Here's our weekly linkfest of interesting articles on investing and personal finance. 

The myth of stock-market tops (Wall Street Journal). Mark Hulbert reminds us that market sectors/indexes rarely crest in unison. Some tops may occur well before others.

How to access funds with high minimum investments (Morningstar). Ever wonder why there are multiple "classes" of the same fund? Click and learn.

Expect to spend more on health care in retirement — even if you're well (CNBC). Some retirement expenses are highly controllable, others not so much. Healthcare tends to fall into the latter category, but this article has ideas for keeping those costs in check.

New report shows credit card debt is hindering 401(k) savings (Forbes). A hard truth: Money needed to pay down debt can't be used for retirement savings. Who knew?

Investor alert: Public companies making ICO-related claims (Securities and Exchange Commission). A news release warning about possible (should we say "likely"?) fraud flowing from the cryptocurrency craze.

And from the world of bloggers and pundits...

36 obvious investment truths (A Wealth of Common Sense). Lots of time-tested wisdom here.
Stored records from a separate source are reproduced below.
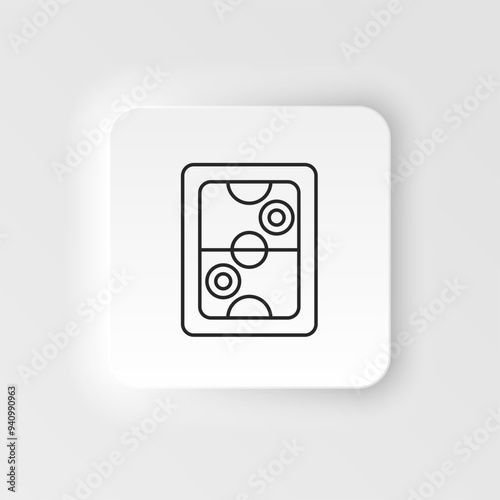 Air hockey, board game, retro neumorphic style vector icon. Neumorphism style. Air hockey, board game, retro neumorphic style vector icon. Neumorphism style on white background.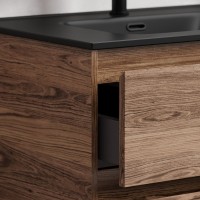 Тумба с раковиной Sancos Libra 70 дуб чарльстон, раковина черная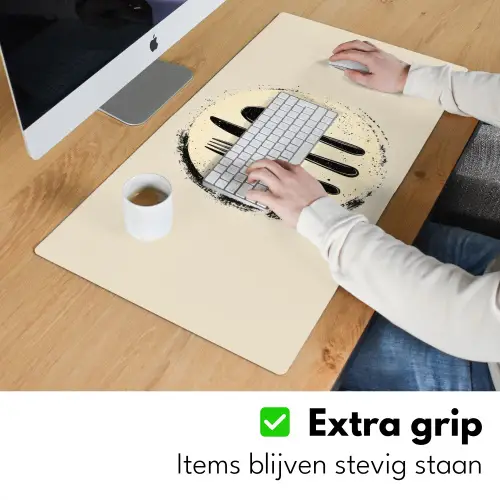 Zwart - Bestek - Rondje Muismat XXL klein -sfeer3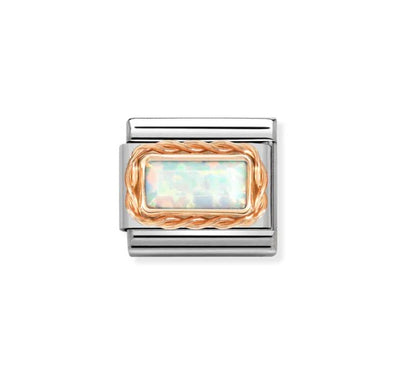 Nomination Composable Link 430512/07 White Opal in 9k Rose Gold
Yet again? — PDF file (Oaktree Capital). In his latest memo to Oaktree clients (and any other investor who wants to tag along), the incisive Howard Marks writes about exercising investment caution, the market impact of passive investing, and the quite uncertain prospects for bitcoin.

5 early retirement challenges you MUST be prepared for (FiveCentNickel). This piece expands on issues discussed in our September-issue article, "Catching FIRE — What to Make of the Early-Retirement Movement."

Late? That’ll cost you 50% (The Humble Dollar). A terrible thing will befall you if you fail to take a timely Required Minimum Distribution (RMD) from a tax-deferred retirement account.

Begin preparing now for Christmas expenses to avoid holiday debt (Bible Money Matters). Stores will be putting up Christmas decorations any day now! (Well, maybe any week now.) As always, early planning can help you keep Christmas-related spending in check.